Stored entries:
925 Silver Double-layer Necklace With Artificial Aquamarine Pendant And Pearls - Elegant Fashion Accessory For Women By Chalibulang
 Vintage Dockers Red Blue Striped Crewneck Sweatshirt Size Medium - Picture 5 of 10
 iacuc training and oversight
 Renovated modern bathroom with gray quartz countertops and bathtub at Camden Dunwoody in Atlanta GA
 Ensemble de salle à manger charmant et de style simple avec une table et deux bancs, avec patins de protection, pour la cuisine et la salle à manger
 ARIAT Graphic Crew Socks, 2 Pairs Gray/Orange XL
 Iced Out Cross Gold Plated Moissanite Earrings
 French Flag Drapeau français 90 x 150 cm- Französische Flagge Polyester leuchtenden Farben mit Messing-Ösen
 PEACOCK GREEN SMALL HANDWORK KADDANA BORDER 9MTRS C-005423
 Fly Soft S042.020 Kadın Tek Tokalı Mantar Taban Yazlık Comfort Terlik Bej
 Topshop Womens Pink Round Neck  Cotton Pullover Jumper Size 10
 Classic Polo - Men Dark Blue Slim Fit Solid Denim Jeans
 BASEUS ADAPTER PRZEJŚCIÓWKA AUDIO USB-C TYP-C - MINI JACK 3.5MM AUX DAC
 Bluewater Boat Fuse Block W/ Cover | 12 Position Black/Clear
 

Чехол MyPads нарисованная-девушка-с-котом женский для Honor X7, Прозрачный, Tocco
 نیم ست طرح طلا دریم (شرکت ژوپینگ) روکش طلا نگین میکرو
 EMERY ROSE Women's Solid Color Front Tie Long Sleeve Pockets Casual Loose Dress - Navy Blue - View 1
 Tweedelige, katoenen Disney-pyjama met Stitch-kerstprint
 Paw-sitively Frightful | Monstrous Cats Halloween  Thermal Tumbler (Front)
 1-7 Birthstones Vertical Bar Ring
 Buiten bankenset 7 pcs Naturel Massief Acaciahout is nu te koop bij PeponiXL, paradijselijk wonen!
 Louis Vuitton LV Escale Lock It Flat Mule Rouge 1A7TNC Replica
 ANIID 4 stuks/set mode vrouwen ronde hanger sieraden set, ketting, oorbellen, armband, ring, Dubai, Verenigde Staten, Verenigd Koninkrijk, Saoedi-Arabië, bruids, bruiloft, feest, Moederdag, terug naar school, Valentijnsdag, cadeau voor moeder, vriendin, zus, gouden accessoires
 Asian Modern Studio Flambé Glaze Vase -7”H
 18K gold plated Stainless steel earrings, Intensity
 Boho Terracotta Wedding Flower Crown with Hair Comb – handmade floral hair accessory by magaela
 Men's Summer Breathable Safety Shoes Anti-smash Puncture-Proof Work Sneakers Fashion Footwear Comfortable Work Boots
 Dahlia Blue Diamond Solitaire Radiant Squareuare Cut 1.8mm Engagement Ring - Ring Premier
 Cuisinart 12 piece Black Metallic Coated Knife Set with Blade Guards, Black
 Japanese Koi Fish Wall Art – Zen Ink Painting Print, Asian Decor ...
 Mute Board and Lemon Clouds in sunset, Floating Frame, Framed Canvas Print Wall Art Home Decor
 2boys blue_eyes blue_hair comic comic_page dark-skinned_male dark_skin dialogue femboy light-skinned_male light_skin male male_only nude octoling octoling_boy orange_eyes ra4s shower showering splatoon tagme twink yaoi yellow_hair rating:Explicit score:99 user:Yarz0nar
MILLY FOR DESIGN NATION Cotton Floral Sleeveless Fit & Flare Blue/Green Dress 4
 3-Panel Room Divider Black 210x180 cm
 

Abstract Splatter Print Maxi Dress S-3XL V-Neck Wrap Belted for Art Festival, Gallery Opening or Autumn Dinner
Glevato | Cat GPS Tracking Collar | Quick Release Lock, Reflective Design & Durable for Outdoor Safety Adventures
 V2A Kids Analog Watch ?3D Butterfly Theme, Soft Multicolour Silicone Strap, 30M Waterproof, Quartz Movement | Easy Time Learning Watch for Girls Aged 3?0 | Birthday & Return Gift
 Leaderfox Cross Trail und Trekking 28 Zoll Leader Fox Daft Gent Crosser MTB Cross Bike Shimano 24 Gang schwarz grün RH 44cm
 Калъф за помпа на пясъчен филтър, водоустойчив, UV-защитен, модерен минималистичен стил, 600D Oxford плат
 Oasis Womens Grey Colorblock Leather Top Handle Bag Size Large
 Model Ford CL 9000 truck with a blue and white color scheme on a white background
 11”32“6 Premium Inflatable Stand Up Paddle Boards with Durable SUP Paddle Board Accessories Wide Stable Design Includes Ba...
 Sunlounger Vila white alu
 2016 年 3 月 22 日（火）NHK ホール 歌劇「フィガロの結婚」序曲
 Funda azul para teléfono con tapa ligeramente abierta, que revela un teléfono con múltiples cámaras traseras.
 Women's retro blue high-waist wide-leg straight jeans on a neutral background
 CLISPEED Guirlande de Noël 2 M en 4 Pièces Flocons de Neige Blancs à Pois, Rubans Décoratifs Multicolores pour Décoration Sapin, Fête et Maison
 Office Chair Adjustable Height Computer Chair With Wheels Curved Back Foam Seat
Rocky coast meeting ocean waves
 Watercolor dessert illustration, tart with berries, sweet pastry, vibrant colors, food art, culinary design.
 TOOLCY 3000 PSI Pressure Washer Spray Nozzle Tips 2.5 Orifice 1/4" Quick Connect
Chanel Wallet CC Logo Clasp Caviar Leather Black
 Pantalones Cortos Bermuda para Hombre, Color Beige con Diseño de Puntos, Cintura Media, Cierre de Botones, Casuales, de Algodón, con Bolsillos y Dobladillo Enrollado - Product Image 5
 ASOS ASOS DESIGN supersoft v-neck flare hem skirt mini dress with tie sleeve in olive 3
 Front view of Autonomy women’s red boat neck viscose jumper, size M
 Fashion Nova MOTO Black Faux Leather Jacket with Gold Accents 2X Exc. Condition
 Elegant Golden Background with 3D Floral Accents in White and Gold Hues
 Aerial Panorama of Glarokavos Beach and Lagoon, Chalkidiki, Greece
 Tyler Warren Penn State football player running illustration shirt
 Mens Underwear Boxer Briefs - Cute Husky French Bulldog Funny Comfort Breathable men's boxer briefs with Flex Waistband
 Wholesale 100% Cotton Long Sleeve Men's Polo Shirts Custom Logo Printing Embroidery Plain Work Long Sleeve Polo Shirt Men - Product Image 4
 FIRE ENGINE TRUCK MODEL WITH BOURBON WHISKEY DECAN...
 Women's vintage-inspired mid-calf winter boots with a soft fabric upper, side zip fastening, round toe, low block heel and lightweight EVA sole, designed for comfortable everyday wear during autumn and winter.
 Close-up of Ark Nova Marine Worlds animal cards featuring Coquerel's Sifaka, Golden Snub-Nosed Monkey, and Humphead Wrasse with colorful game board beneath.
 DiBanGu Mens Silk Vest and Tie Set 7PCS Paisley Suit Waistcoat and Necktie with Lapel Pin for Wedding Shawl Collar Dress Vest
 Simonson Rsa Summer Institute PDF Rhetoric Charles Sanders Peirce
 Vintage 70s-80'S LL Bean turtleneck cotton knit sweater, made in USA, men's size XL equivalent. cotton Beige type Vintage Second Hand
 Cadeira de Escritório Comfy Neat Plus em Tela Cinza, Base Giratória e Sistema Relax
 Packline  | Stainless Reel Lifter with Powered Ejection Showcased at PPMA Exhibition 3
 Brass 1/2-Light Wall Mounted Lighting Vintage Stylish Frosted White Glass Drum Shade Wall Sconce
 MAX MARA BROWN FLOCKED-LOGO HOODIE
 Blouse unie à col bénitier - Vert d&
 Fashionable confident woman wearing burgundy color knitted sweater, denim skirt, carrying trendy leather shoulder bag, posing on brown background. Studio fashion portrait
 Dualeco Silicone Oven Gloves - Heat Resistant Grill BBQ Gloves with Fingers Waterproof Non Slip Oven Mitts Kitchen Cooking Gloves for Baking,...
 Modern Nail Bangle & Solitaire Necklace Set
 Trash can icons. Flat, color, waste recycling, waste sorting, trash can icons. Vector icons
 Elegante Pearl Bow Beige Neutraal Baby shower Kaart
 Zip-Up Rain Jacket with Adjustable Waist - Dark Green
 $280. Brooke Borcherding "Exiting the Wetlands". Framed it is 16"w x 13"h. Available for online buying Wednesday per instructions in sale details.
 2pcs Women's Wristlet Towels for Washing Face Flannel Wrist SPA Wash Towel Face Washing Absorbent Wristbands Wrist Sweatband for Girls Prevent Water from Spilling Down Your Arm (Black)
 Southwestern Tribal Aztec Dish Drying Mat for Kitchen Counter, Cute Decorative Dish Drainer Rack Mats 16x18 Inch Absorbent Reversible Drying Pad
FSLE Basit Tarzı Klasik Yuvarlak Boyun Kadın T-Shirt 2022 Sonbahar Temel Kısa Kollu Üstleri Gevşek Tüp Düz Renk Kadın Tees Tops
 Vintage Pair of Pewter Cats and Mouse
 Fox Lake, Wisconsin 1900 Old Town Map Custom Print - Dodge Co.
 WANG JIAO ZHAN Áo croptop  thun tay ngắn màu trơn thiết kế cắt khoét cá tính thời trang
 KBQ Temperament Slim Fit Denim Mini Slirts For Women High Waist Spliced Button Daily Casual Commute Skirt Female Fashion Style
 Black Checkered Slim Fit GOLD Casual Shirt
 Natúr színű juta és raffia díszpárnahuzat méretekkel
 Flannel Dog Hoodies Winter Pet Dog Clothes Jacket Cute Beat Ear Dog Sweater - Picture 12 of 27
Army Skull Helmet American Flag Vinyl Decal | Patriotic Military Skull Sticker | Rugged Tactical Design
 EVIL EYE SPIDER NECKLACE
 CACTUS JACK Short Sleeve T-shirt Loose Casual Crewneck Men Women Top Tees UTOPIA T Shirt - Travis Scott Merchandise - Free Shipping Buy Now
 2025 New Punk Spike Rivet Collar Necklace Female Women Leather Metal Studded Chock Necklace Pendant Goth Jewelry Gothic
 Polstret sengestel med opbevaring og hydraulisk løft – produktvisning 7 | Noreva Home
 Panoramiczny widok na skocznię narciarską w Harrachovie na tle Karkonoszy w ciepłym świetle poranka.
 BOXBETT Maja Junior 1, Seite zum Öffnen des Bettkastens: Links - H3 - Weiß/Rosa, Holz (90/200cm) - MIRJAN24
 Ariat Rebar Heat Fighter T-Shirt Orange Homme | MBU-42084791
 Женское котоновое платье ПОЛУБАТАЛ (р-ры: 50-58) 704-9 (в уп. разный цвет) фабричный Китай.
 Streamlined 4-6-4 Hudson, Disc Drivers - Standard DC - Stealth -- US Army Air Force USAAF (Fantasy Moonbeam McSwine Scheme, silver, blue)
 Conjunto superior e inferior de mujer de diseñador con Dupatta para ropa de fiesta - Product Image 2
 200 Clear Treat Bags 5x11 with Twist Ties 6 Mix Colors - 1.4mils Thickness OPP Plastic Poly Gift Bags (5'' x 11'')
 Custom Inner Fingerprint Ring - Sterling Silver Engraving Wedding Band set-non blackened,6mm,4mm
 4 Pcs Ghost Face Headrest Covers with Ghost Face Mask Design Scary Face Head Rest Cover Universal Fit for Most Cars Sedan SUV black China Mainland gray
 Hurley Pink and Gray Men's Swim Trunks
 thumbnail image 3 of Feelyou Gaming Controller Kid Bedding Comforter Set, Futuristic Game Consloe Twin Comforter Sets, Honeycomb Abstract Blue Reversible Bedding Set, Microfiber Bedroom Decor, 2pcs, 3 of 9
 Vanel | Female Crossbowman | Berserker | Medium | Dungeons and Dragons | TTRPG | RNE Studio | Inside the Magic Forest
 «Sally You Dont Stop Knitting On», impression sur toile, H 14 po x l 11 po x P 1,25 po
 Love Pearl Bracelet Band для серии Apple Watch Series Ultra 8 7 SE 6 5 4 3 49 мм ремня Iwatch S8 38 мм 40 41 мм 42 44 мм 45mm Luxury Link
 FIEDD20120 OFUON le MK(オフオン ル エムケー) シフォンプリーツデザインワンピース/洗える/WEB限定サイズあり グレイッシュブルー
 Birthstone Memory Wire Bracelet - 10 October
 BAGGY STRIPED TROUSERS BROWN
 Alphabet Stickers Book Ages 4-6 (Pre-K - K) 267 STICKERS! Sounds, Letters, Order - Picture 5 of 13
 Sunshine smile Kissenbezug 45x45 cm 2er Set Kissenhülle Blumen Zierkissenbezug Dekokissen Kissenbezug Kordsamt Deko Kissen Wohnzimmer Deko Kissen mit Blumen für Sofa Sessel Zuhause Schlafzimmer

▸ **DESCRIPTION OF THE TASK**
Nothing but the lines from the start of the data through the line holding "Renovated modern bathroom" should be restated, and each one exactly.

▸ **FINISHED EXERCISE**
925 Silver Double-layer Necklace With Artificial Aquamarine Pendant And Pearls - Elegant Fashion Accessory For Women By Chalibulang
 Vintage Dockers Red Blue Striped Crewneck Sweatshirt Size Medium - Picture 5 of 10
 iacuc training and oversight
 Renovated modern bathroom with gray quartz countertops and bathtub at Camden Dunwoody in Atlanta GA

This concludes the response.